The act was morally obligatory for the Israeli soldiers in virtue of God’s command, even though, had they undertaken it on their on initiative, it would have been wrong.
On divine command theory, then, God has the right to command an act, which, in the absence of a divine command, would have been sin, but which is now morally obligatory in virtue of that command.
10 Comments:
The way you phrase your title, someone might think that you consider murder to *never* be morally obligatory. In fact, murder is morally obligatory when the state commands it.
I assume that your *real* problem is with people claiming commands from an invisible deity or voices that they hear in their heads.
Really? You think it was morally obligatory for the SS to murder Jews, because the state had commanded it?
Doh! By "state", I was thinking of, "the consensus of human society". I think of morals as a human social construct.
Murder is defined as unlawful killing.
So, by definition, the consensus of society is always that murder is unlawful.
I assumed that we're dealing with "morally permissible" sense of "murder" rather than "legally permissible", since you're the one who brought up the SS killing of Jews.
Presumably you're doing more than just playing word games, and you're actually interested in the moral obligations related to killing people. All societies everywhere have considered killing people to be morally obligatory in some cases.
It's not that complicated. If we're going to say it was immoral for the SS to kill certain people, despite it being legal, we need to ground the moral law in something other than the judicial law under which the SS operated.
God may command but who on earth can possibly "hear" such a commandment?
For christians, how can they possibly know whether their delusion is caused by God or the Devil?

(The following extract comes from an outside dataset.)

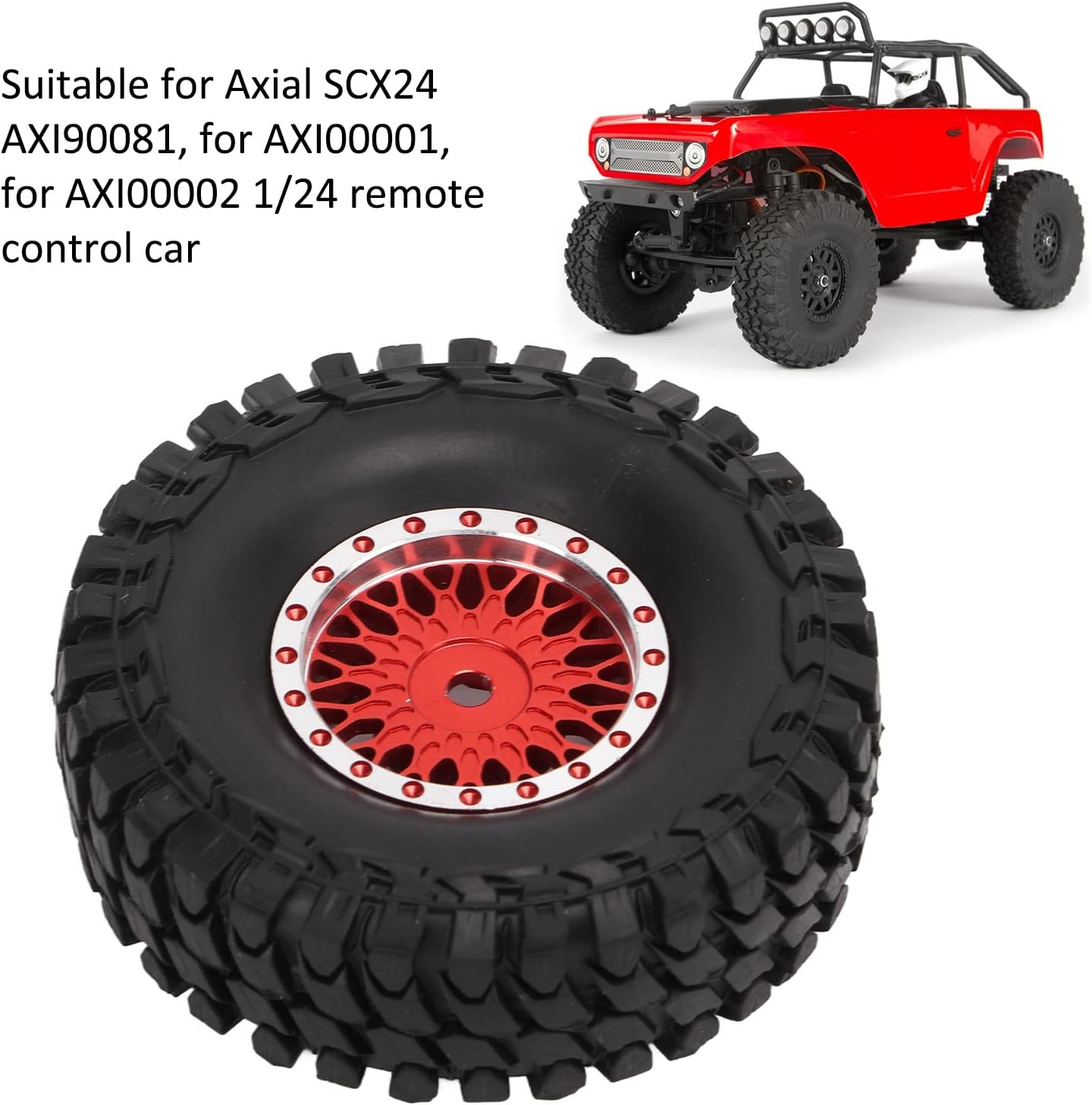 RiToEasysports RC Rubber Tires Antiwear Aluminum Alloy Stable RC Wheels and Tires 4 Pieces for 1/24 RC Car (Red)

If WLC stated that God had commanded him to kill Dawkins who would believe him? Not the courts, that's for sure.
And I doubt that the witness of the Holy Spirit would make for a good defence.
No it was JSA who claimed outright that if the state commanded killing, such killing was morally obligatory, leading to the conclusion that it was morally obligatory for the SS to kill Jews.
Name one politician who has claimed that murder is morally obligatory.
Name one theologian who has claimed that murder is morally obligatory - Osama bin Laden? William Lane Craig?
I brought up your claim about the SS "murdering" Jews simply to note that you're using the word "murder" inconsistently. You claimed that the state commanded murder, and then you contradicted yourself by claiming that murder, by definition, can never be ordered by the state. Clearly, you meant "killing", and not murder. If you truly meant "illegal killing", then your post doesn't make much sense.
As for your other questions, pretty much every non-Quaker politician and theologian admits that killing is morally obligatory at times.
Craig says murder is morally obligatory, that such killings are wrong except that his god has ordered them to be carried out.
It is Craig who means 'illegal killing' as his words clearly show 'Rather, since our moral duties are determined by God’s commands, it is commanding someone to do something which, in the absence of a divine command, would have been murder.'
Are you really claiming it is morally obligatory for you to kill somebody if a politician orders you to do so?
That doesn't seem right. Since Craig believes that morals come from divine decree, he can only mean that the killings would have been immoral per God's prior decree, and that God overrode his own decree in that circumstance.
I don't think Craig believes in some other source of morals which is in place during normal times.
To your other question, I don't think it's morally obligatory to kill if a politician orders it. However, I believe it is morally obligatory to kill in many cases where the consensus of human society says so. I reserve the right to consider human society wrong about killing in some cases, such as the death penalty.